### Work instructions
Only the text of the records belongs in the answer, copied exactly, with every picture omitted.

Crawled caption data
::::
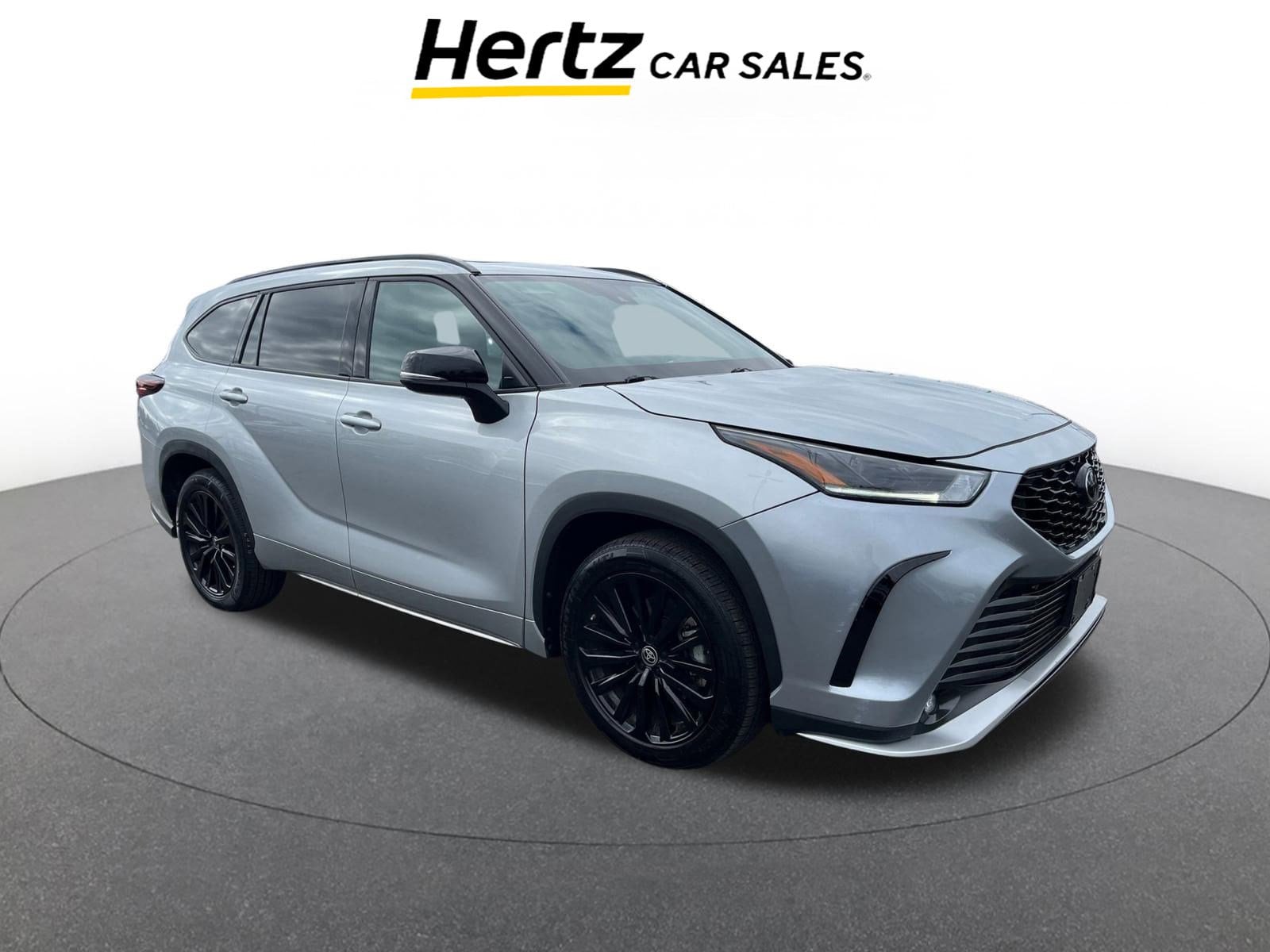Thumbnail: 2024 Toyota Highlander - 1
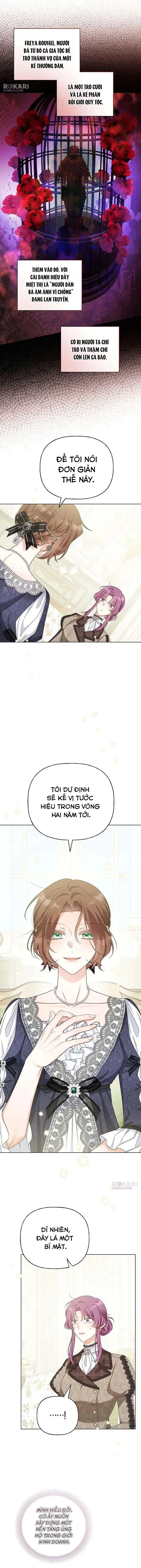 Gửi Đến Tôi, Người Không Còn Yêu Anh Chapter 4 - Trang 10
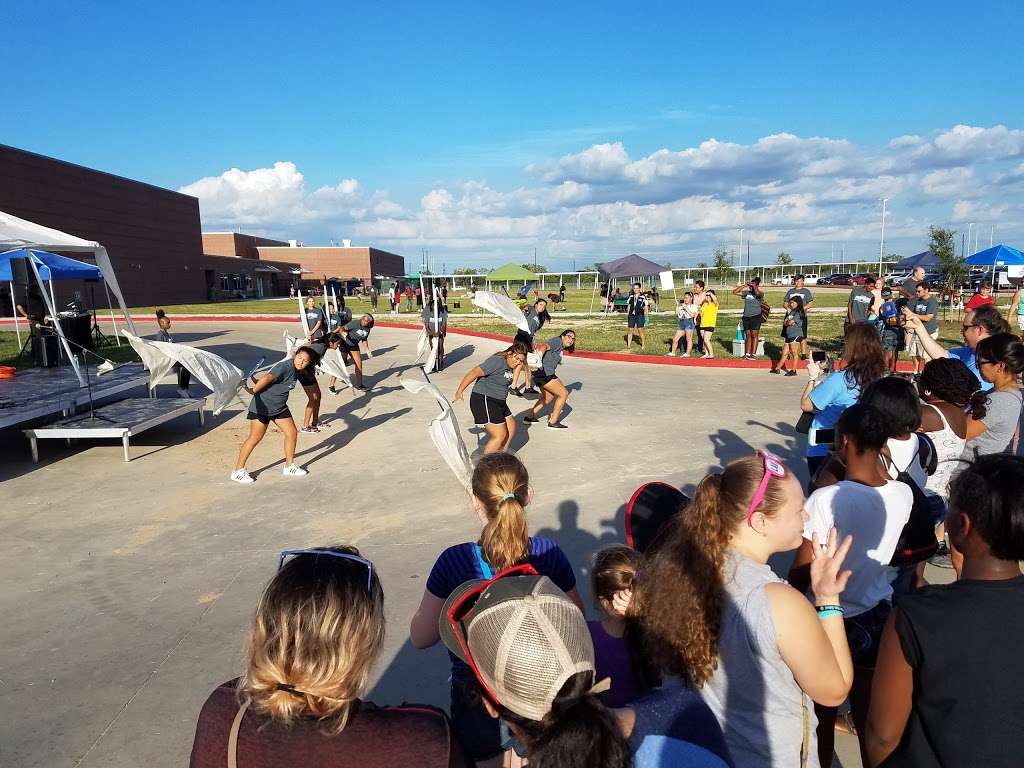 Stockdick Junior High School | 4777 Peek Rd, Katy, TX 77449, USA | Phone: (281) 234-2700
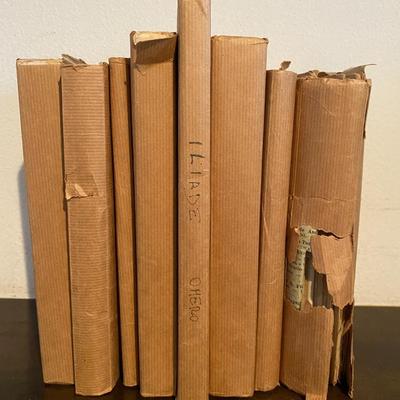 Lot of Vintage Books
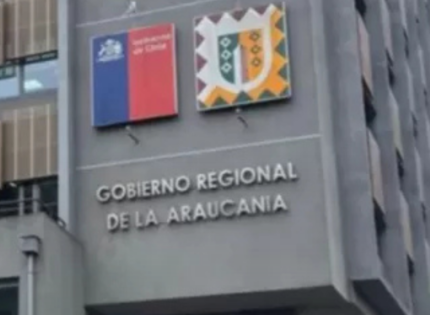 Roban datos desde sistemas del GORE Araucanía tras ciberataque: Gobernador interpuso querella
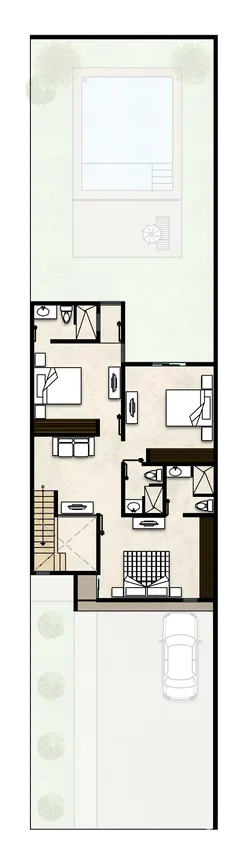 Casa en Venta en Dzityá, Mérida, Yucatán | NEX-268773 | iad México | Foto 4 de 4
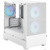 Fractal Design Pop Mini Air RGB White TG Clear Tint FD-C-POR1M-01 - фото 7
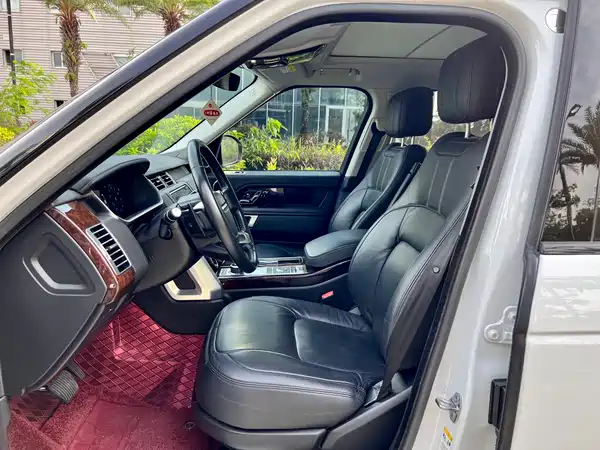 Land Rover Range Rover 2020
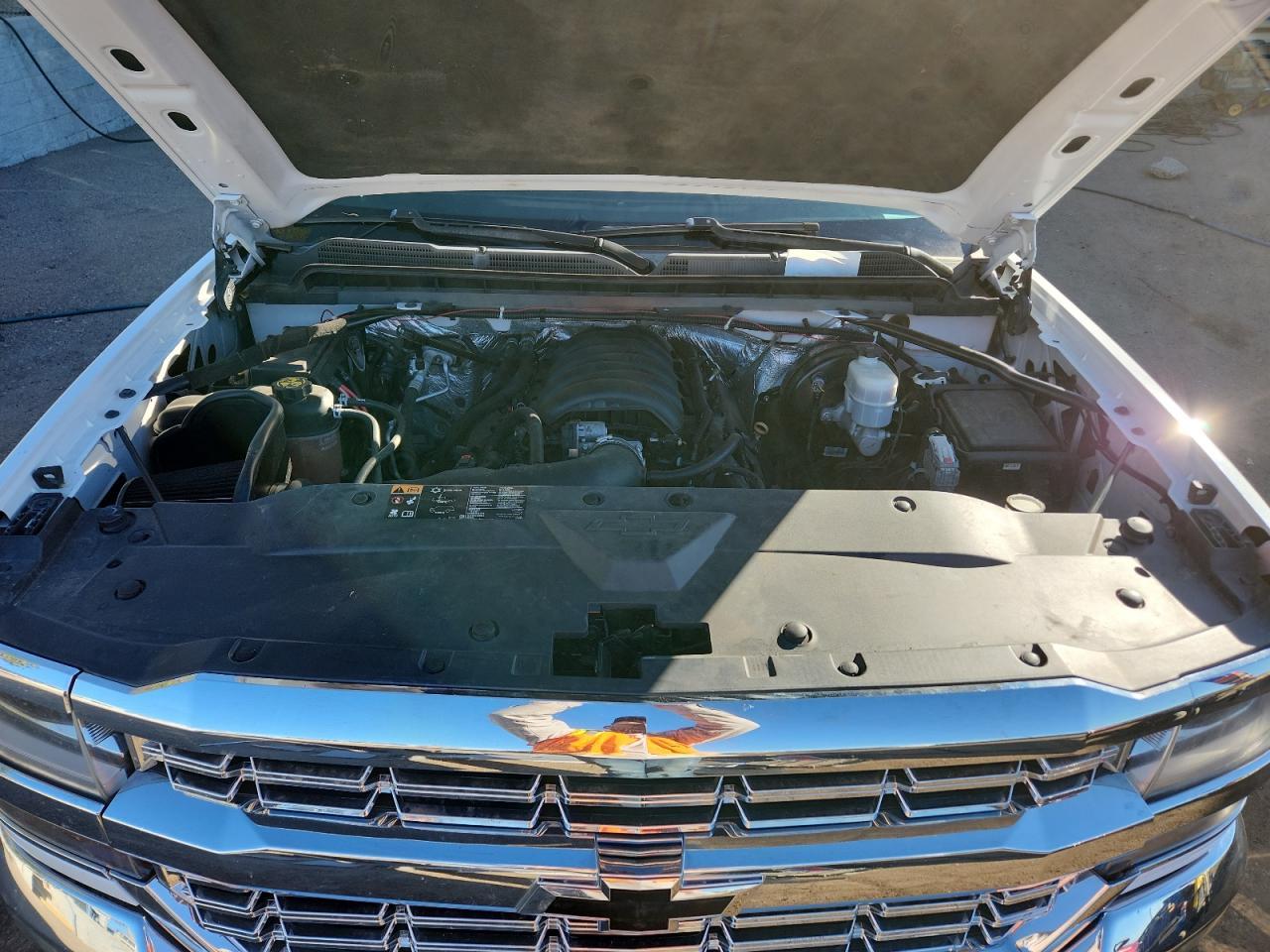 2016 Chevrolet Silverado K1500 Lt - zdjęcie 11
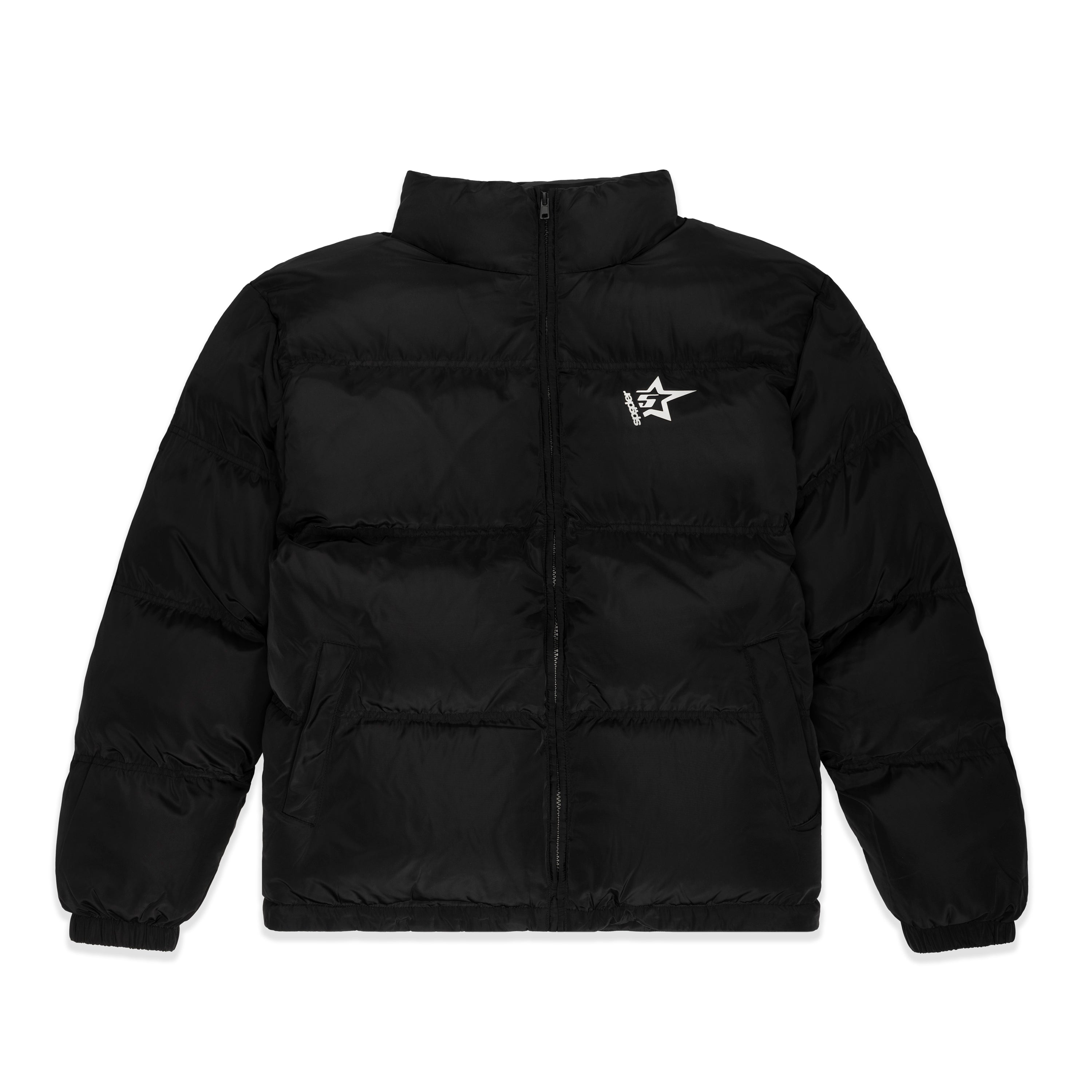 5STAR PUFFER JACKET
::::
### Task solution
Thumbnail: 2024 Toyota Highlander - 1
 Gửi Đến Tôi, Người Không Còn Yêu Anh Chapter 4 - Trang 10
 Stockdick Junior High School | 4777 Peek Rd, Katy, TX 77449, USA | Phone: (281) 234-2700
 Lot of Vintage Books
 Roban datos desde sistemas del GORE Araucanía tras ciberataque: Gobernador interpuso querella
 Casa en Venta en Dzityá, Mérida, Yucatán | NEX-268773 | iad México | Foto 4 de 4
 Fractal Design Pop Mini Air RGB White TG Clear Tint FD-C-POR1M-01 - фото 7
 Land Rover Range Rover 2020
 2016 Chevrolet Silverado K1500 Lt - zdjęcie 11
 5STAR PUFFER JACKET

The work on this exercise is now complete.